Work request ▸ In the listing, locate the line containing "60 SW 13th St", then quote it and all following lines exactly. Omit pictures.

Data for this exercise ▸
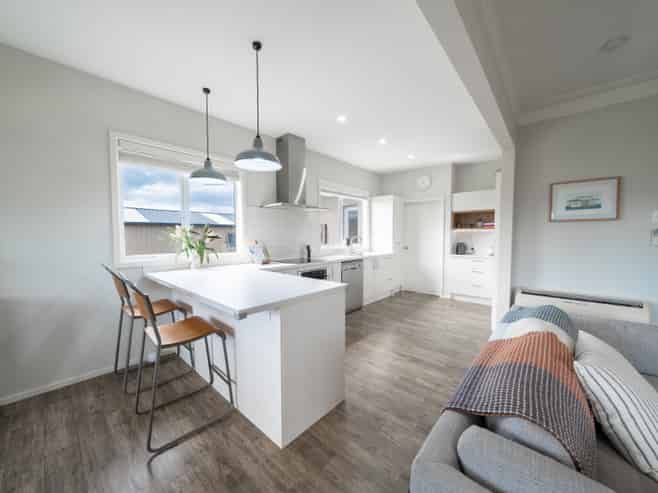 35 Lorn Street, Glengarry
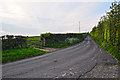 West Somerset : Mill Lane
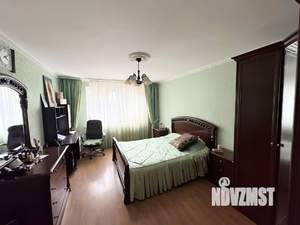 2-к квартира, на длительный срок, 82м2, 2/10 этаж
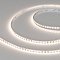 Светодиодная лента RT-A160-5mm 24V Day4000 (15 W/m, IP20, 5m) (Arlight, CRI&gt;95)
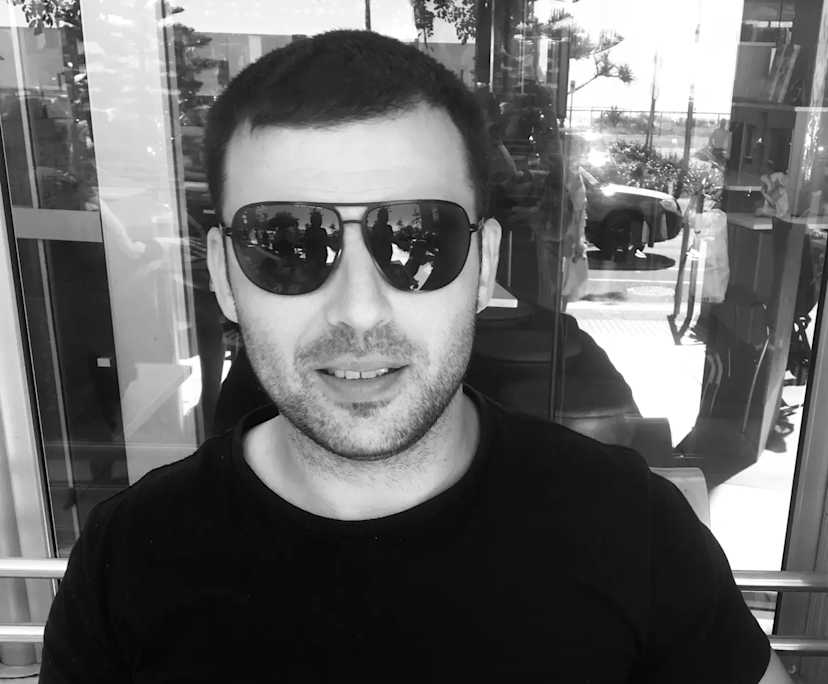 Alen Divulski (42), $300, 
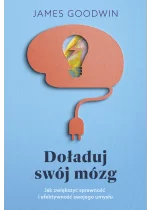 Doładuj swój mózg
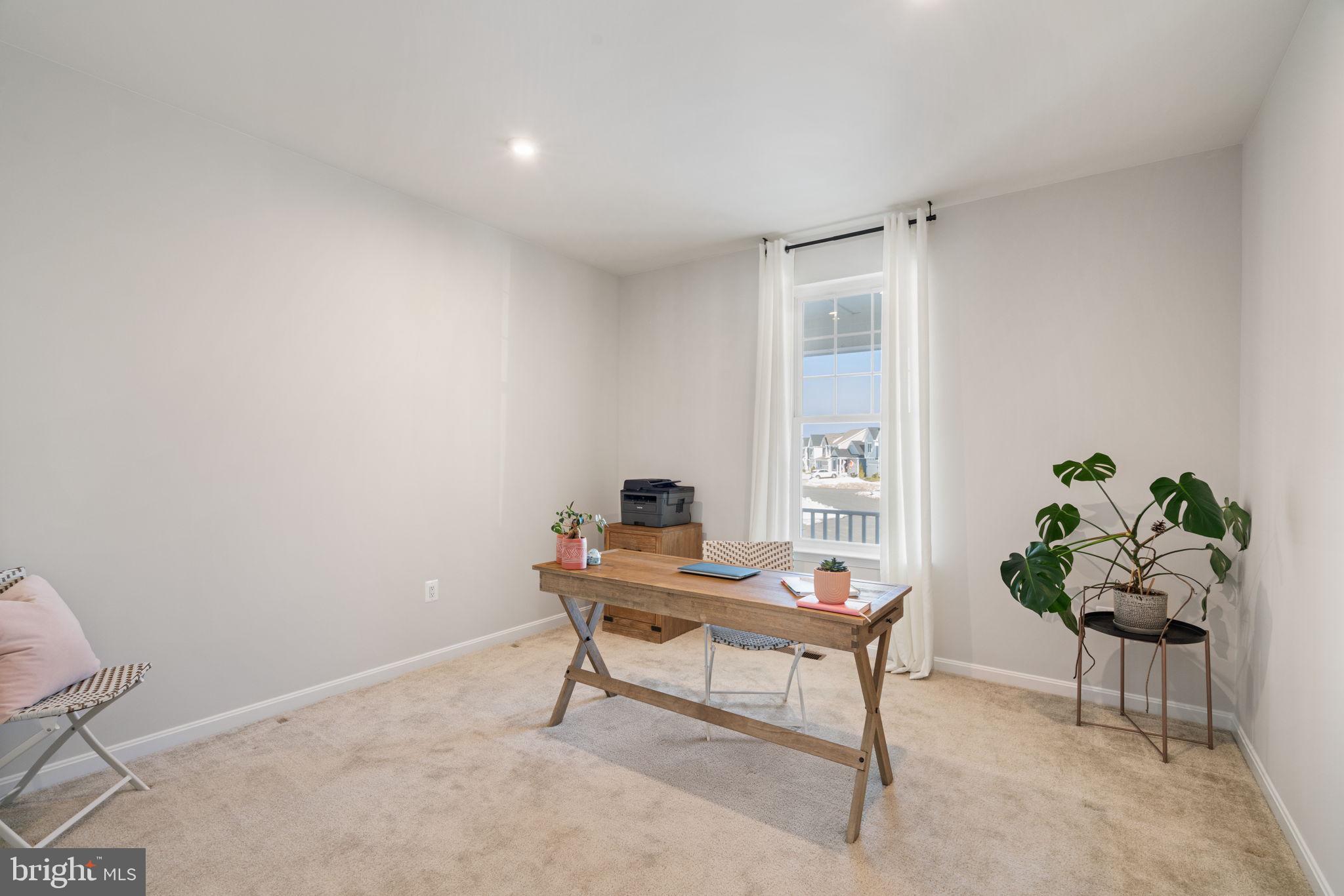 NEW POST ON THE RAPPAHANNOCK - Residential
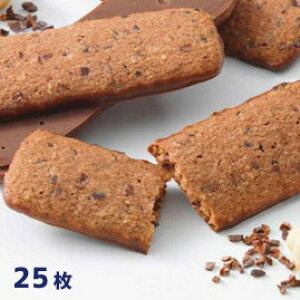 CY@ogNbL[mց[[JJIni25j@ROYCE'@VR@Luh@lCX@kCف@yY@XC[c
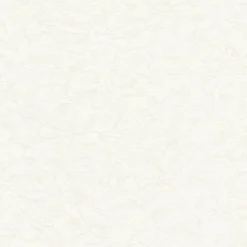 Profhome 351822-GU Papier peint ton-sur ton légèrement texturé mat 5,33 m2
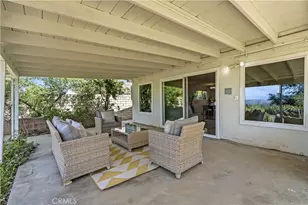 18517 Lincroft, Rowland Heights, CA 91748 - Photo 30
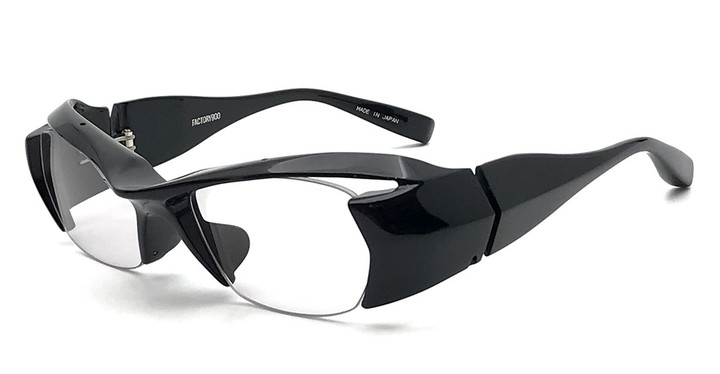 20210322fa243_001_01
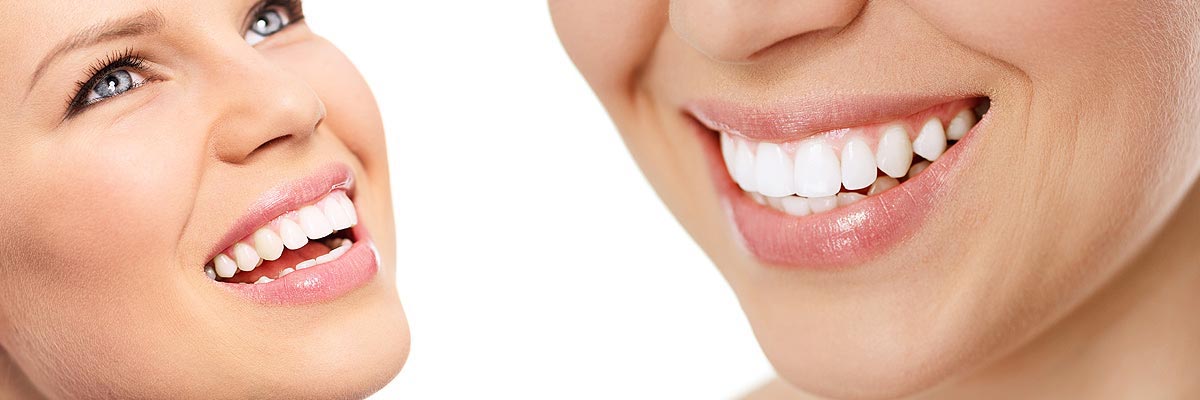 Leardi Family Dentistry Privacy Policy - Kennett Square Dentist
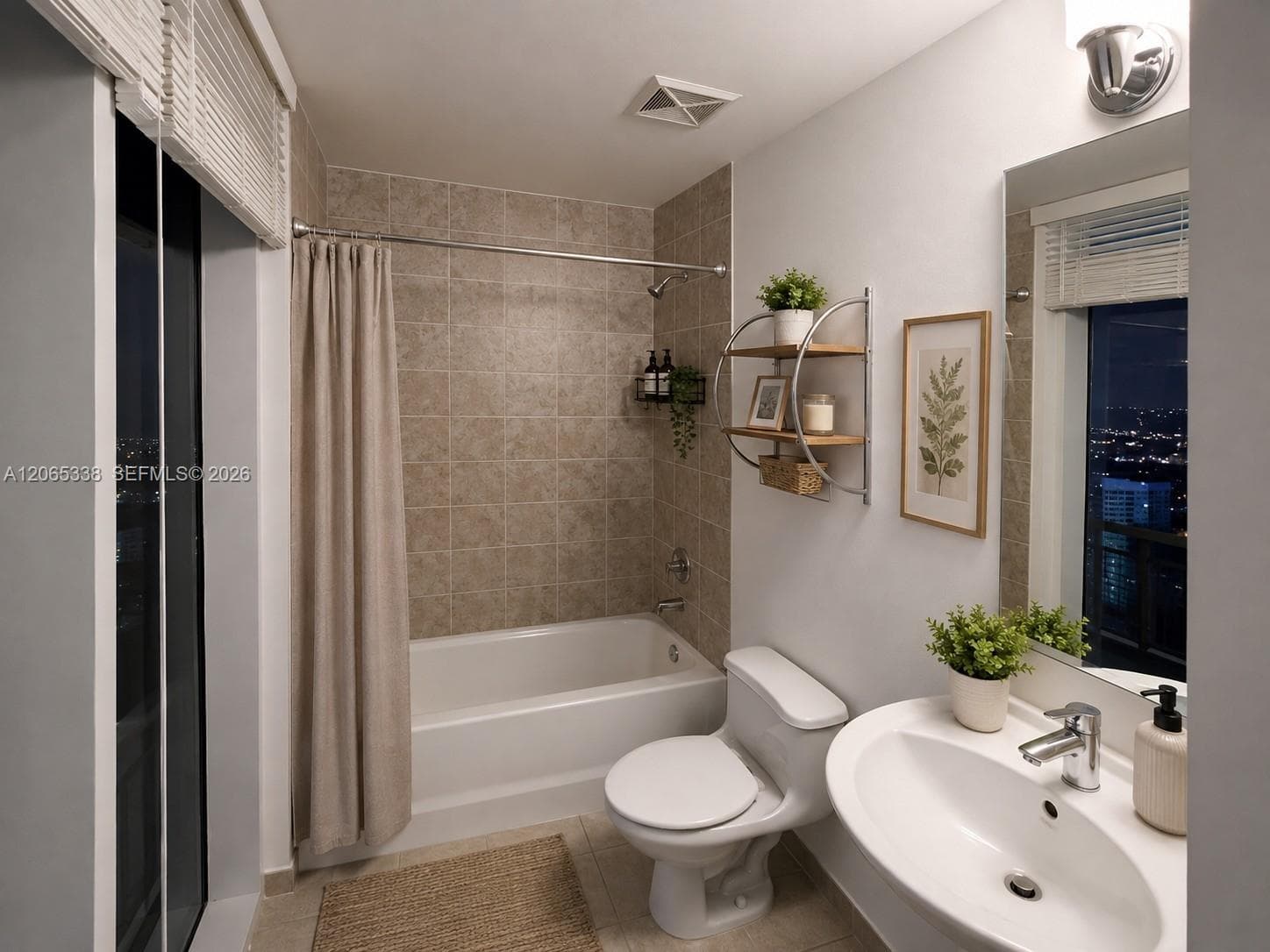 60 SW 13th St # 3219, Miami, FL 33130 photo 11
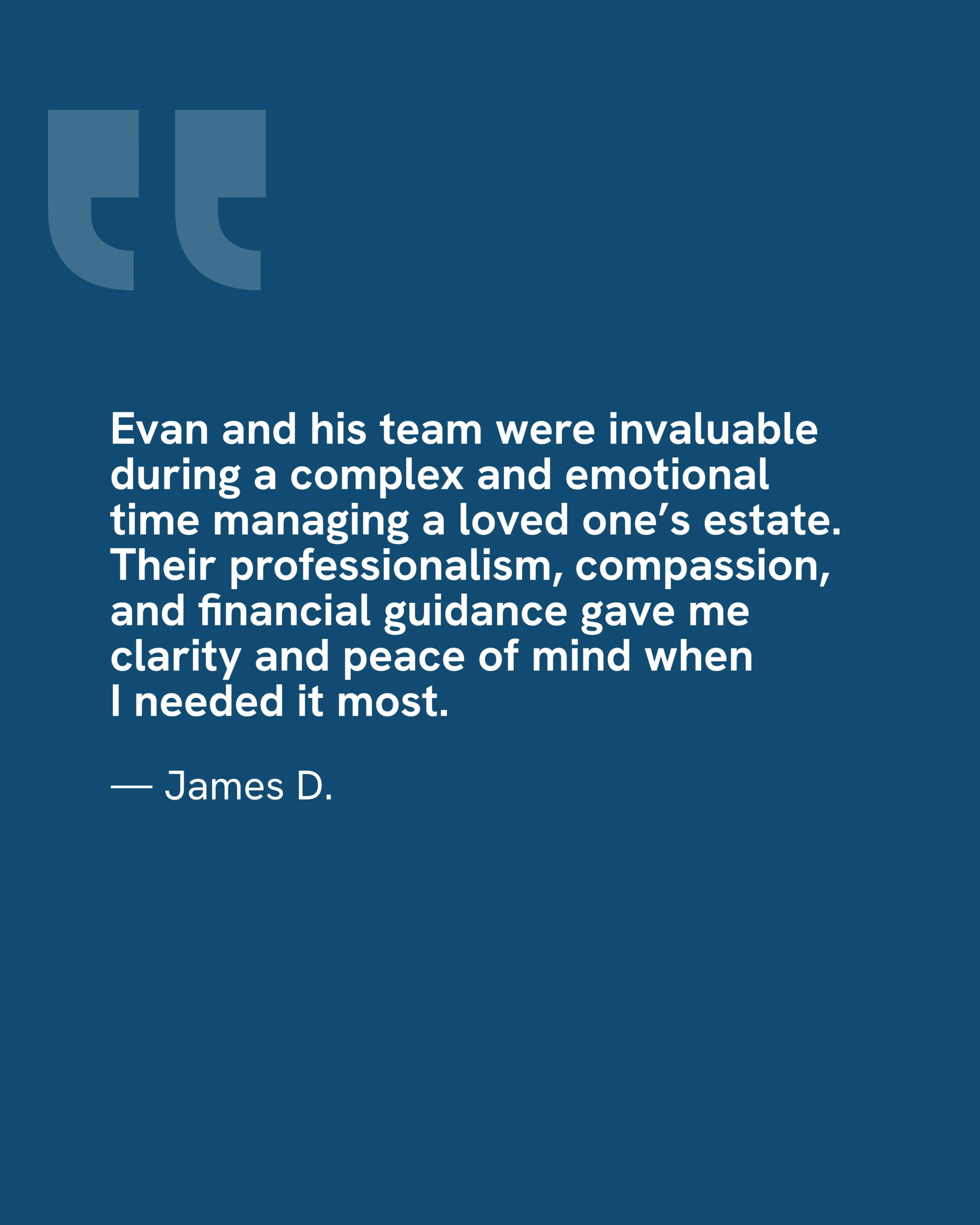 EI - Testimonial - 20_page-0001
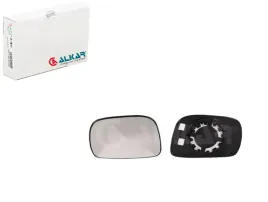 wklad-lusterka-opel-alkar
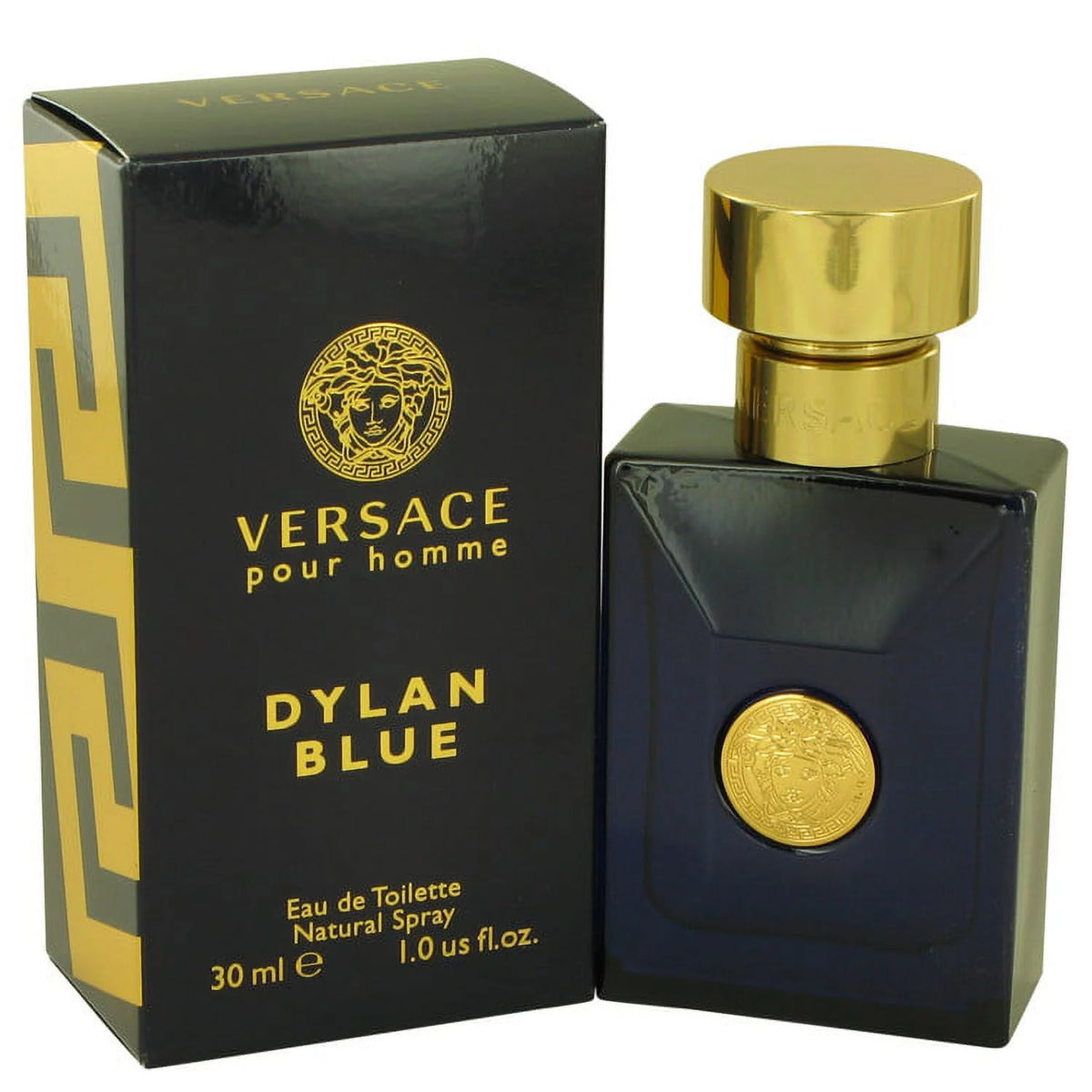 Eau De Toilette Spray 1 oz X29808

Task result ▸
 60 SW 13th St # 3219, Miami, FL 33130 photo 11
 EI - Testimonial - 20_page-0001
 wklad-lusterka-opel-alkar
 Eau De Toilette Spray 1 oz X29808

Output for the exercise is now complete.